If the title of the Outsider Art Fair seems outdated, rest assured that the actual event has stayed surprisingly fresh. The fair’s new owner, Chelsea dealer Andrew Edlin, debuted its 20th edition last night at the former Dia building at 548 West 22nd Street, also home to the Independent and NADA art fairs, and a vast improvement on its dreary old 34th Street digs.
“This is a place to show art,” said Edlin of the new space, where he has invited 40 exhibitors to display work by artists who in some way operate on the periphery of the New York-centric, M.F.A.-driven art machine. Some are self-taught, work in folk-art traditions, or live in far-flung corners of the globe. Others simply match outsider-y descriptors like “eccentric visionary” or “reclusive savant.”

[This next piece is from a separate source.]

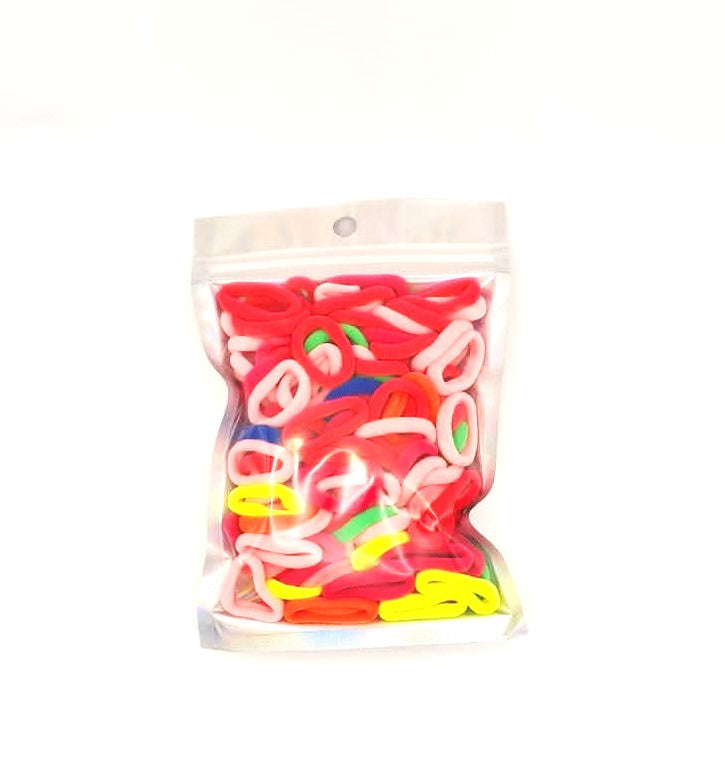 Baby & Toddler's Hair Ties: ENAX Hair Bands, One silver pack of (ENAX) colorful small sized Hair Ties. Mostly light and dark Pink coloured Hair Ties. 120 hair ties inside each pack, one pack in picture. Transparent front. Front Side.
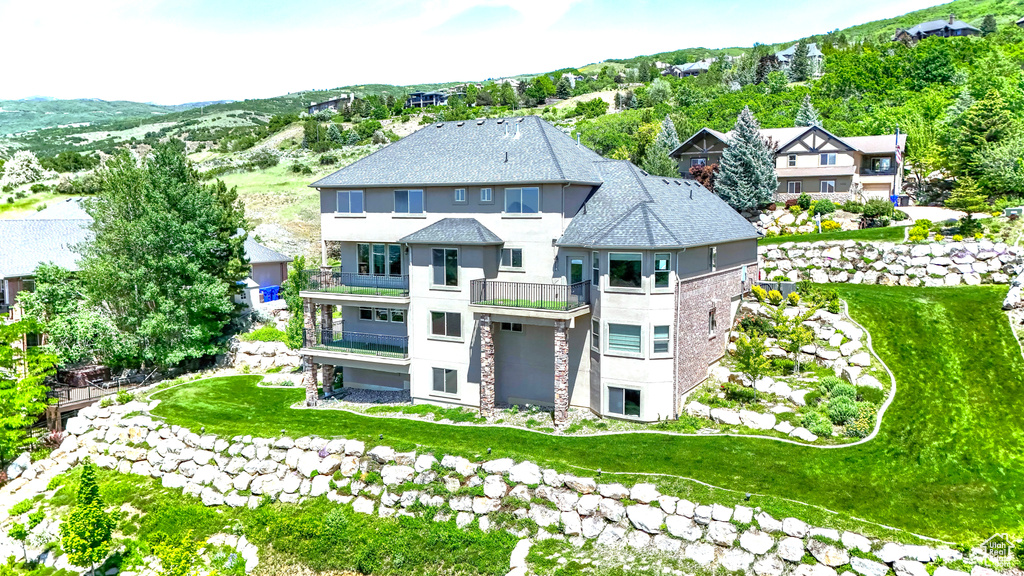 Rear view of property featuring a balcony, stucco siding, and stone siding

For his booth, Edlin had brought a series of pocket-sized woodcarvings by John Byam, an artist whose resume lists stints as a gravedigger, “water boy,” and Korean War soldier. Edlin also had a gleefully creepy watercolor by the posterboy of American outsider art, Henry Darger, which had already been placed on hold 30 minutes into the preview.
That’s not surprising given the genre’s move toward the center in recent years. At last year’s Whitney Biennial, Robert Gober curated a popular mini-exhibition of paintings by poverty-stricken loner Forrest Bess, which spurred a sale of the artist’s work at Christie’s. And artists like Bill Traylor and Martin Ramirez, both represented at the fair, have become internationally recognized names, with the prices to match.
At this year’s fair, it’s clear that Edlin has embraced this attention, inviting “insider” dealers like Vito Schnabel, Feature Inc., and Laurel Gitlen to highlight artists that they wouldn’t normally show. Schnabel brought works constructed from discarded airplane parts by the deaf and autistic artist Vahakn Arslanian, while Chelsea dealer Gary Snyder showed Janet Sobel’s crayon and drip paintings.
“I only show Janet Sobel at this fair,” said Snyder, a longtime participant who rarely exhibits her work at his gallery. “There’s more of an openness for it here.”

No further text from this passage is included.